Dr. Loverin: Thanks for having me.

Setting the Stage for Today’s Discussion

Danny: So you have some interests in theology, such as Karl Barth, postmodern theology, philosophy, different subjects such as cultural media, and ethics in America, things like that, and we’re going to talk about that today. We’re going to jump into all this stuff. We’re going to discuss ethics, AI, and the whole nine. Whatever pops up, pops up, and we’re going to dive deep into it, but I want to start with your journey. You came here as a theology professor. That’s kind of what you went to school for and got your doctorate in, your PhD, and now you’ve stepped into this new role as provost. What was that journey like? What made you want to pursue teaching, and then also what made you want to pursue stepping into this new position as well?

Early Days at Grace

Matt-and-Michelle-Loverin

Dr. Loverin: Yeah, thanks for that, Danny. Thanks for the intro. It’s really good to be here. I came to Grace as an adjunct professor in 2005, and my wife, Michelle, was the women’s residence director, so we lived in the apartment attached to the women’s dorm there in the quad.

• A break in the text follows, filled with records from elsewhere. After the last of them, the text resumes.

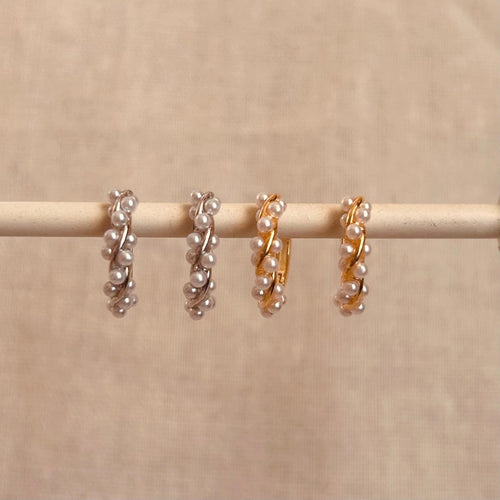 Elegant Pearl Twist Hoop Earrings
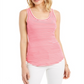 Charter Club Women's Supima Cotton Knit Stripe Tank Pink Size Medium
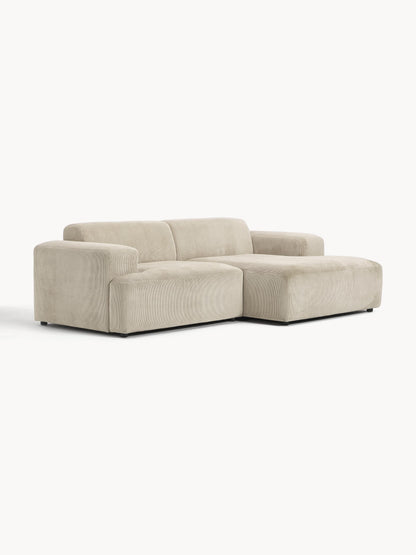 Melva Corner Sofa, Corduroy, 3-Seater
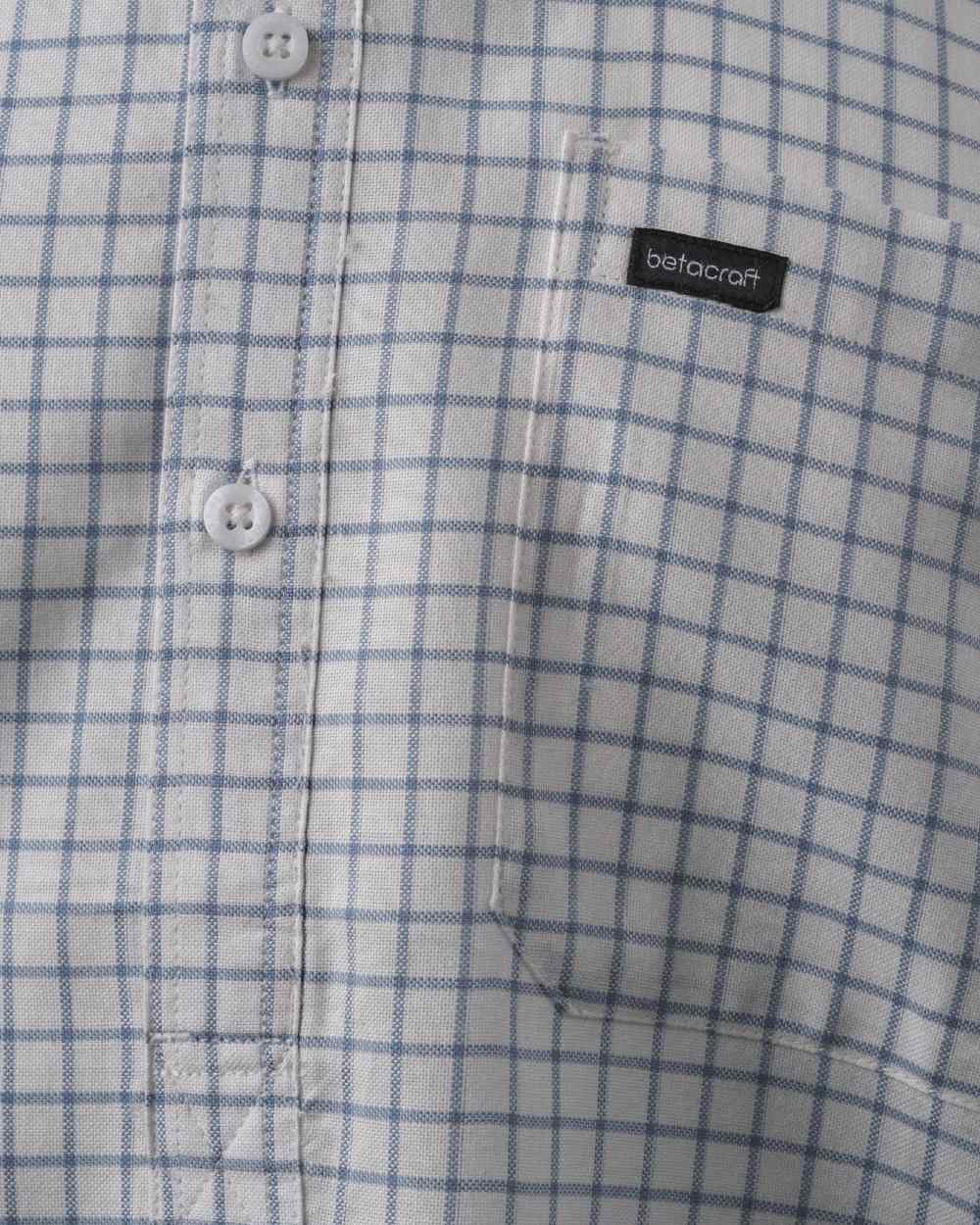 Cream Cool Blue Coloured Betacraft Mens Horizon Short-Sleeved Shirts on white background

We lived there for three years, and then we lived up in the Blackburn house behind the chapel for a number of years. When she was ready to step away and be a full-time mom, we bought a house in the neighborhood. So we lived around here, and alongside that journey, I’ve kind of increased my role as an adjunct professor. I became full-time in 2009 and moved from assistant professor to associate professor to full professor. During that time, I also worked as a director of assessment. I also worked as the dean of the graduate school, beginning our first master’s degree program in about 2015.

Navigating Leadership Transitions

Dr. Loverin: Then I took a little hiatus doing some different things, still teaching on campus, but I stepped away for about half a year. Maybe a sabbatical is one way to think of it, but I was still teaching in the classroom. Then I came back to be the dean of the School of Bible and Ministry. That was kind of right around the COVID years, where we just needed a little bit more leadership structure, not just in Bible and ministry but in the whole university, so we created that dean role. I was leading not just on-campus students but online students as well and grad students in ministry, and then just recently picked up the provost role. So it’s been a very eventful journey. The roles seem to change every couple of years as I’ve made that 20-year journey.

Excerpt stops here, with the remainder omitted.